The up-shot of this conversation was that they are looking at supplying regulators suitable for the planted tanks with brass nipples to allow our CO2 proof tubing to be used rather than the stiffer Welding tubing too.  He's going to get in touch with me about this in a few days, but this may finally be a cheaper source for CO2 kits available in this country rather than getting it from Malaysia!

What I really wanted to say here was what do most people want from a CO2 kit?

Do you want a solenoid valve?

Do you really use the Dials for your regulator?  (Regulators without dials are cheaper and the guy pointed out whatr do you need them for?  The only thing mine tells me is when the gas is starting to run low and then about a day later it's run out anyway!

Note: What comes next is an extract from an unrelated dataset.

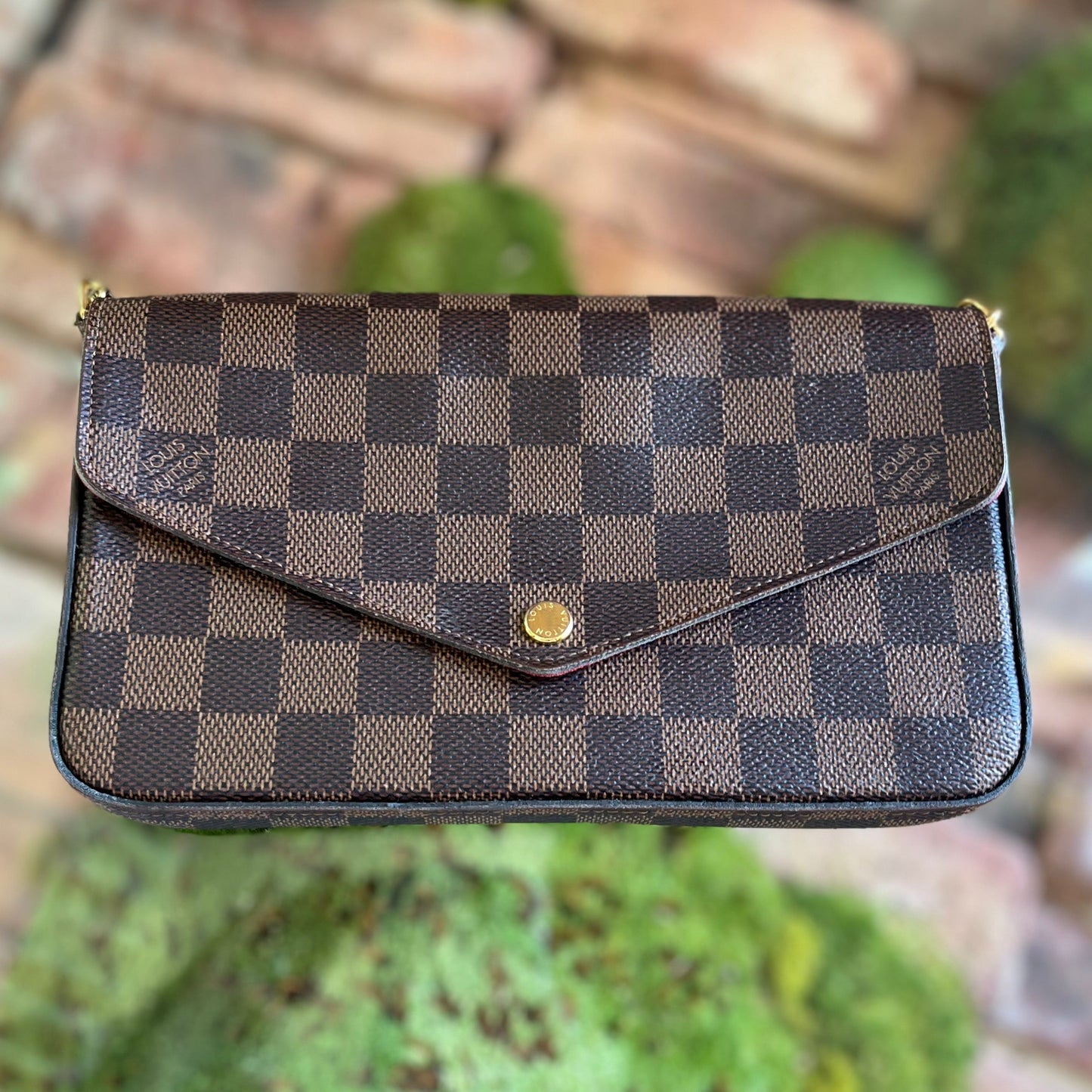 LOUIS VUITTON Felicie Pochette Damier Ebene Shoulder Bag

Would you rather get it all-in, without bubble counter and diffuser, or would you prefer to buy the basic regulator and CO2 tanks, then get your own diffuser and bubble counter from a dedicated place?

I'm after opinions guys as I've only used CO2 for about 8 months and have very limited experience on it.  We can then help this outlet to offer kit that we actually want, rather than what the large manufacturers want to sell to us!  It may not end up being lots cheaper, but it'll be good kit and the best price they can do.  I'm sure it'll be way below what the aquatic manufacturers ask!


----------



## Dave Spencer (31 Jul 2007)

Nice one Ed.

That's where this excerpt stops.